Work required: Your output must be the lines below from the line containing "Thank you for" to the line containing "Some things to", both lines included, reproduced exactly and without pictures.

───── Data in this exercise ─────

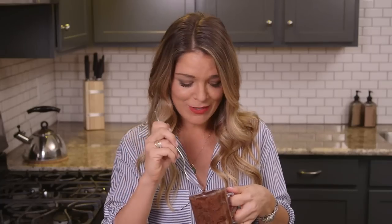Mmm, delicious. I'm Sabrina Soto and today I'm gonna teach you how to make this gooey delicious dessert, and you're never gonna believe that all the ingredients I got at 7-Eleven.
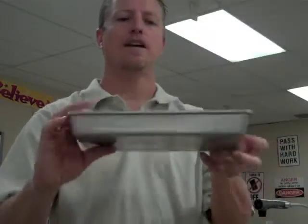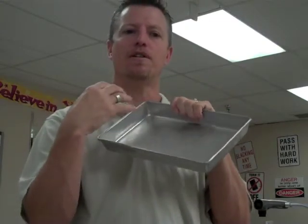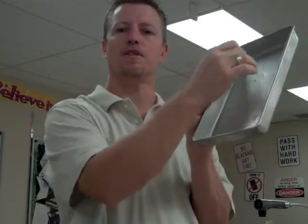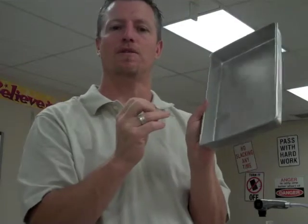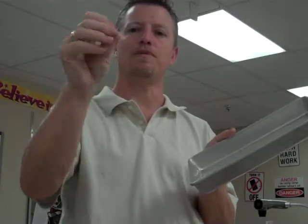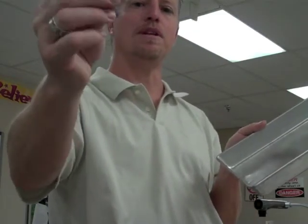This is a dissection pan. Some pans will have wax or rubber in them, and that allows you to put pins into the skin or muscles as you move them back to get into the internal organs. This is actually a dissection pin — a lot of people say it looks like a nail, but it's not as big as a nail. It's more like a really strong pin.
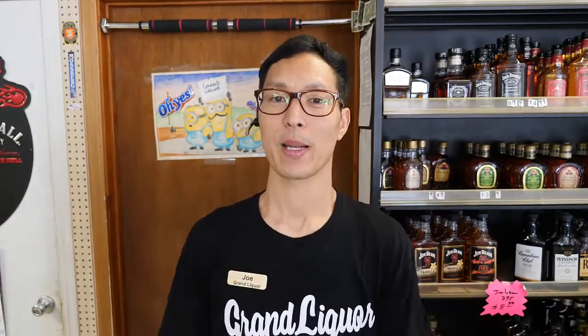Thank you for watching today's little tip. If you're looking for more informational videos like this, go ahead, hit the like button, subscribe, share this video out. And I'll see you on the next one. Peace.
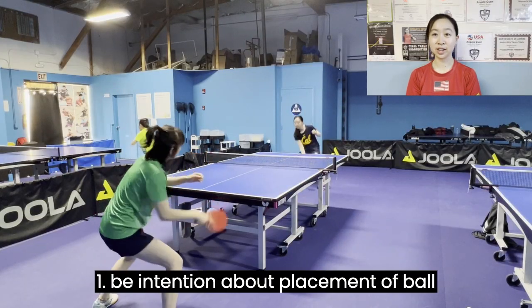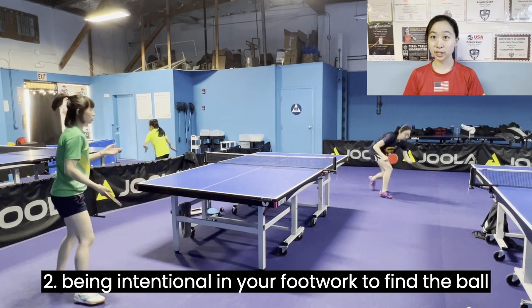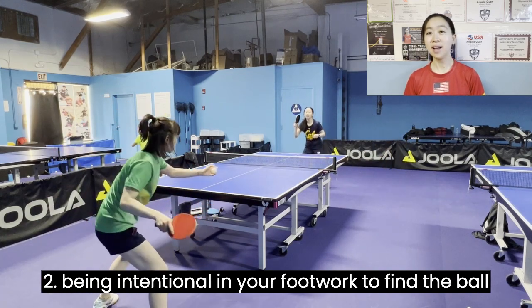Some things to focus on are being intentional about placing the ball, being intentional to move your footwork to find the ball, as well as consistency.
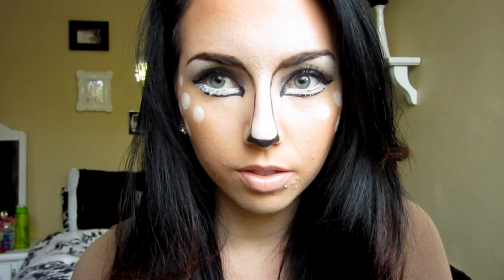Then to finish off the look I'm using a nude lip gloss or lipstick — whatever you want. This is MAC Crème de Nude. This is the finished look! Thumbs up this video if you liked it, comment below with what you're going to be for Halloween, and hope you guys have an awesome Halloween!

─────

Exercise result:
Thank you for watching today's little tip. If you're looking for more informational videos like this, go ahead, hit the like button, subscribe, share this video out. And I'll see you on the next one. Peace.
Some things to focus on are being intentional about placing the ball, being intentional to move your footwork to find the ball, as well as consistency.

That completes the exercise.